Tuesday, 26 June 2012



26 June 1932: The Eucharistic Congress culminated on this day when over 300,00 people attended the Pontifical High Mass in the Phoenix Park, Dublin. The Times of London reported that while plans had been made for an attendance of 240,000 it was estimated that more 300,000 were actually in the Park when Mass began at midday.

The Chief Celebrant was the Papal Legate Cardinal Lorenzo Lauri, personally selected by Pope  Pius XI himself. The Holy Father had charged him to:

Go to Ireland in my name and say to the good people assembled there that the Holy Father loves Ireland and sends to Ireland and its inhabitants and visitors not the usual Apostolic blessing but a very special all embracing one.

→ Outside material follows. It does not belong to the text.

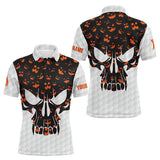 Maxcorners Mens golf polo shirts Halloween pattern custom skull golf ball shirt for men, best men golf wear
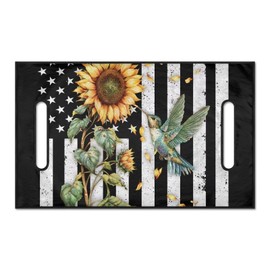 Suobstales American Flag Hummingbird Sunflower Print Golf Cart Seat Covers, Portable Golf Cart Seat Towel Blanket Universal Fit Club Car 2-Person Golf Cart Seat Cushion Covers, Machine Washable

The arrival of the Cardinal and the holding of the 19th Eucharistic Congress in Dublin was seen as a great honour for the Catholics of Ireland. The week long event saw huge displays of religious devotion with crowds of tens of thousands in attendance at various events. The high point of the Eucharistic Congress came on the final Sunday of the week’s festivities in the form of a massive open air mass in the Phoenix Park. An ornate High Altar flanked with choirs and bands from all over the Catholic world was the main focus of attention. The Cardinal was accompanied by the highest ranks of the Irish Catholic Hierarchy in his fulfilment of his celebration of the Mass. In addition thousands of the Clergy were there to witness and partake in the biggest religious gathering the Country had ever seen.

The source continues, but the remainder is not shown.